PROBLEM STATEMENT: Output all entries exactly; images excluded.

MATERIAL SUPPLIED:
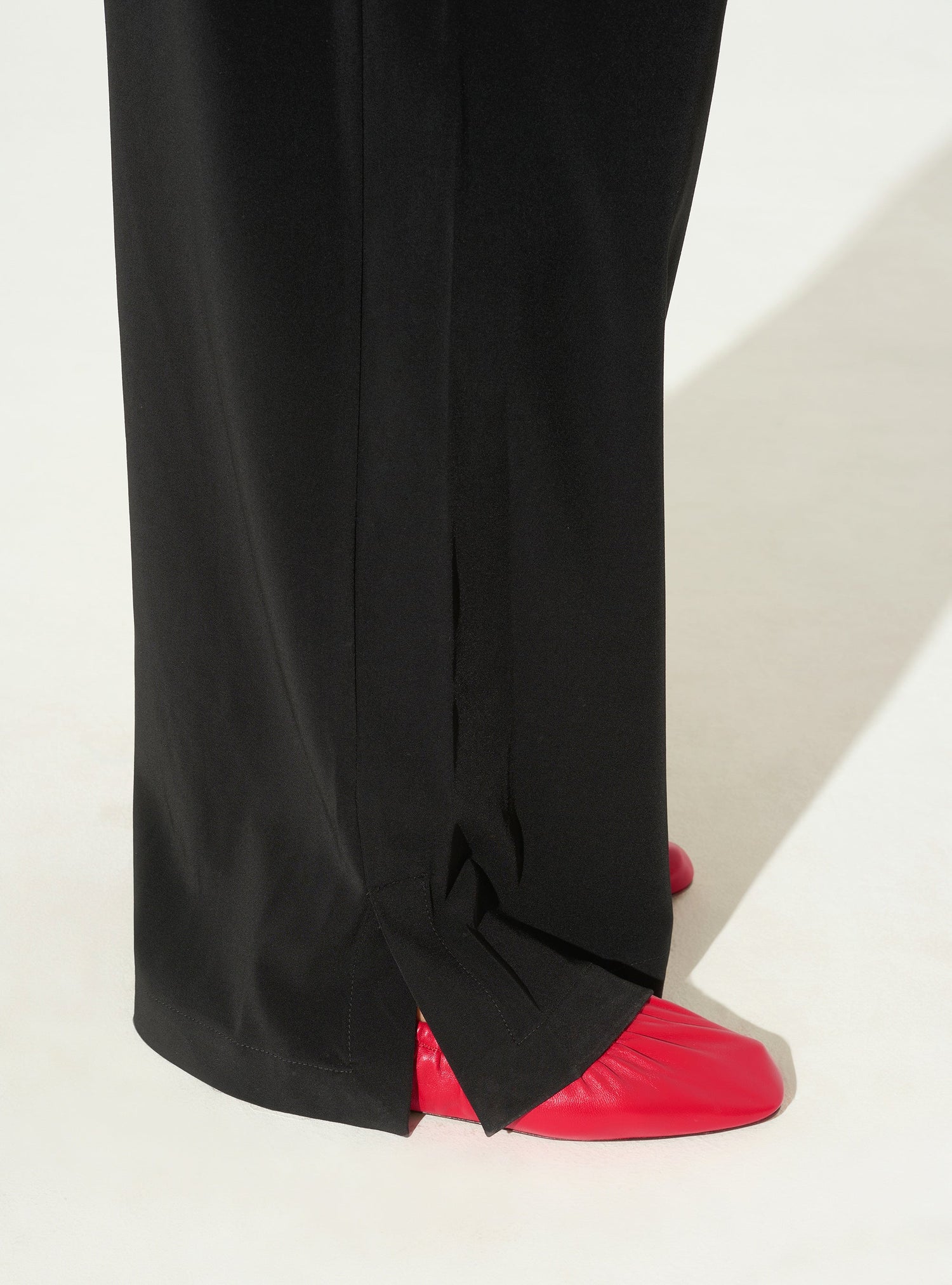 Black wide-leg trousers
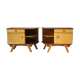 Paire de chevets vintage en bois pieds compas
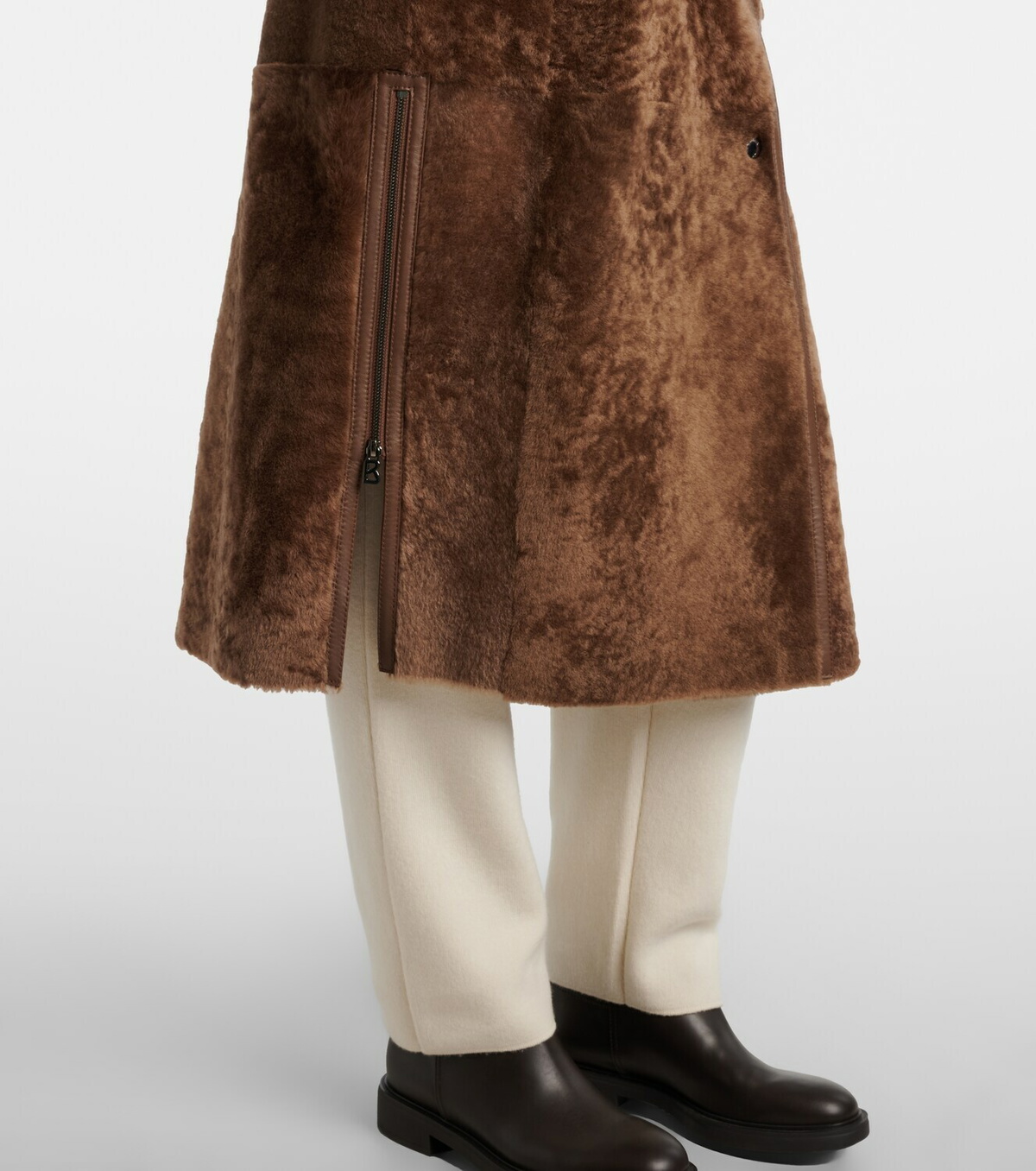 Bogner Belted hooded shearling coat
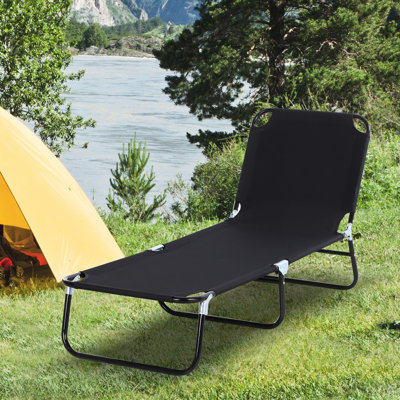 Outdoor Chair With Reclining Function - Black 10.2 Lb Weight 5-Level Adjustable Chaise Lounge For Poolside Steel Frame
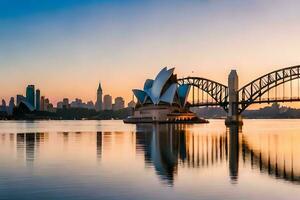 Sydney horizonte a puesta de sol con el ópera casa y puente. generado por ai foto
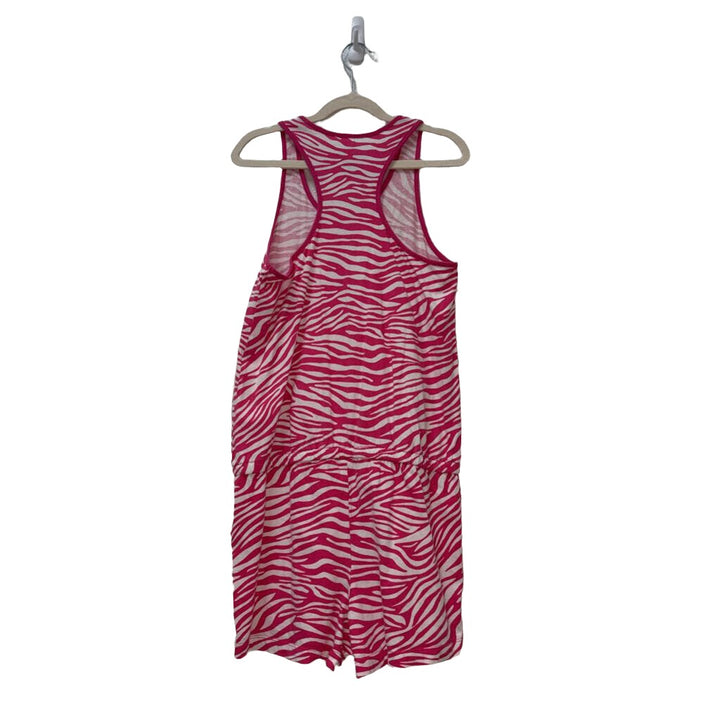 Sleeveless Cotton Romper / Zebra Print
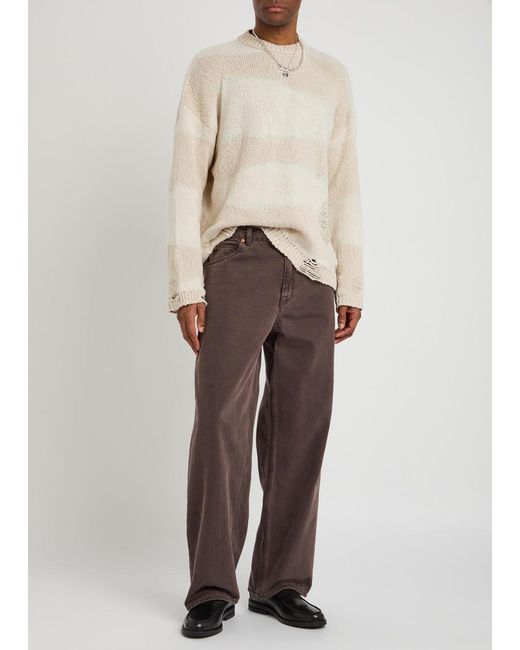 Our Legacy Natural Popover Roundneck Striped Distressed Cotton-Blend Jumper for men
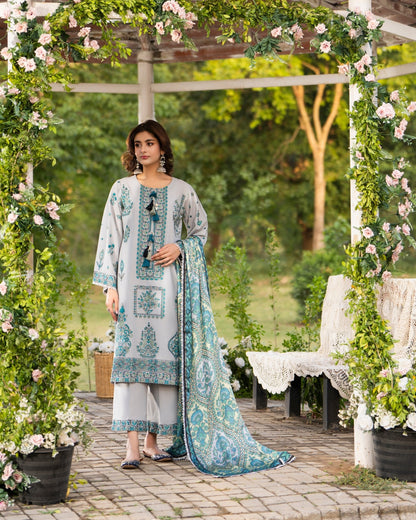Ladies Grey Thread Work Silk Dupatta Suit Online in UK USA Canada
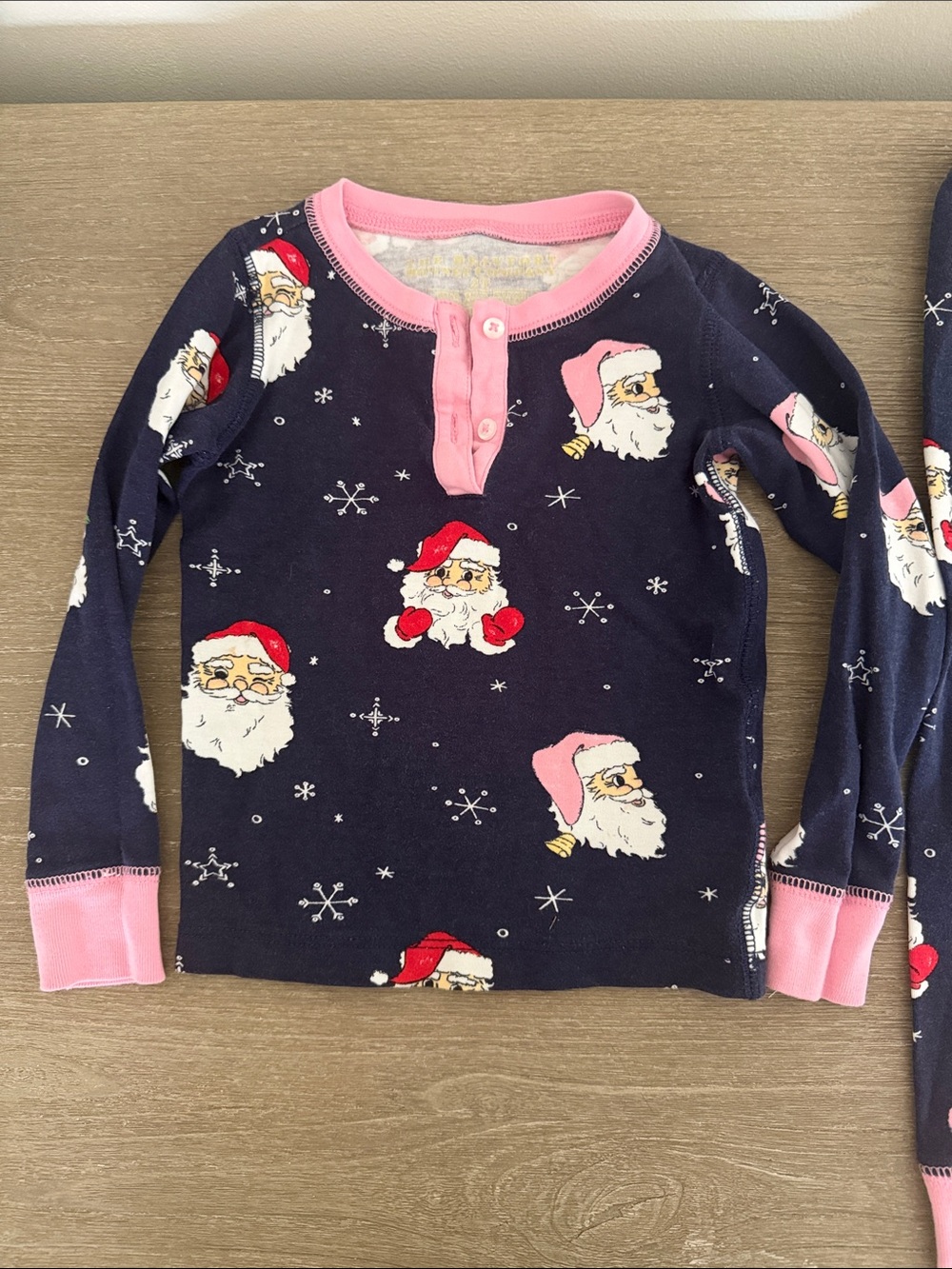 The Beaufort Bonnet Company Navy Santa Print Pajama Top with Pink Trim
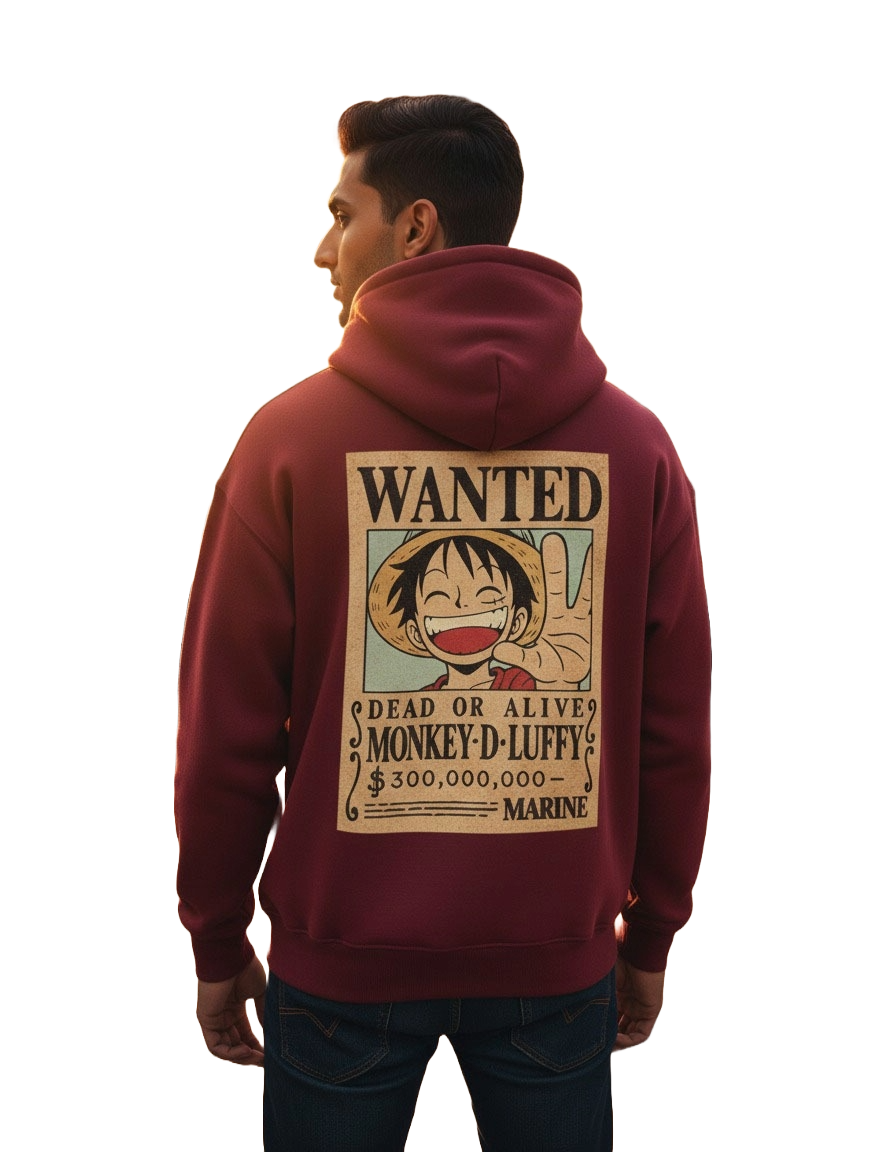 One Piece Wanted Zip up Hoodie - Dark Maroon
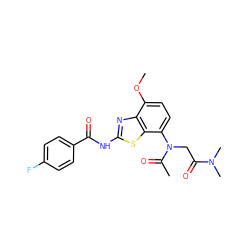 COc1ccc(N(CC(=O)N(C)C)C(C)=O)c2sc(NC(=O)c3ccc(F)cc3)nc12 ZINC000053276439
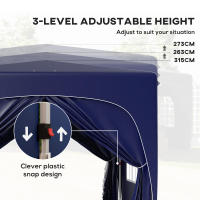 Outsunny Carpa Plegable Gazabo 3x3 m con Paneles Laterales UPF50+ Cenador Pabellón de Jardín con Altura Ajustable y Bolsa de Transporte para Camping Fiestas Patio Terraza - details 4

REPLY TO THE TASK:
 Black wide-leg trousers
 Paire de chevets vintage en bois pieds compas
 Bogner Belted hooded shearling coat
 Outdoor Chair With Reclining Function - Black 10.2 Lb Weight 5-Level Adjustable Chaise Lounge For Poolside Steel Frame
 Sydney horizonte a puesta de sol con el ópera casa y puente. generado por ai foto
 Sleeveless Cotton Romper / Zebra Print
 Our Legacy Natural Popover Roundneck Striped Distressed Cotton-Blend Jumper for men
Ladies Grey Thread Work Silk Dupatta Suit Online in UK USA Canada
 The Beaufort Bonnet Company Navy Santa Print Pajama Top with Pink Trim
 One Piece Wanted Zip up Hoodie - Dark Maroon
 COc1ccc(N(CC(=O)N(C)C)C(C)=O)c2sc(NC(=O)c3ccc(F)cc3)nc12 ZINC000053276439
 Outsunny Carpa Plegable Gazabo 3x3 m con Paneles Laterales UPF50+ Cenador Pabellón de Jardín con Altura Ajustable y Bolsa de Transporte para Camping Fiestas Patio Terraza - details 4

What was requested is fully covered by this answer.